This repository contains all the public domain stories that Arthur Conan Doyle wrote about the character Sherlock Holmes.
The text in the directories novels/ and stories/ is originally sourced from Project Gutenberg, which is not affiliated with this repository in any way. The text has been changed to make it more regular and easy for text tools to process uniformly.
The text in the novels/ and stories/ directory is for the use of anyone anywhere in the United States and most other parts of the world at no cost and with almost no restrictions whatsoever. You may copy it, give it away or re-use it under the terms of the Project Gutenberg License included with this eBook or online at www.gutenberg.org. If you are not located in the United States, you'll have to check the laws of the country where you are located.
The code in the root directory, which processes the text in the two folders, is copyright Brilliant Worldwide, all rights reserved, etc.

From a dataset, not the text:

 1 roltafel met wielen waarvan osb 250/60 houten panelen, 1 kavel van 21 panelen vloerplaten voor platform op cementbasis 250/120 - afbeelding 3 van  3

Merge the file fragments into one file, ./assets/sherlock.txt
python3 create-sherlock-txt.py
Build index as a single JSON file, ./assets/sherlock-index.json
python3 create-sherlock-index-json.py
Build a more efficient representation in two files: a regular json file ./assets/sherlock-encoded-index.json
and file of packed binary data ./assets/sherlock-encoded-index.data
.
python3 create-sherlock-encoded-index.py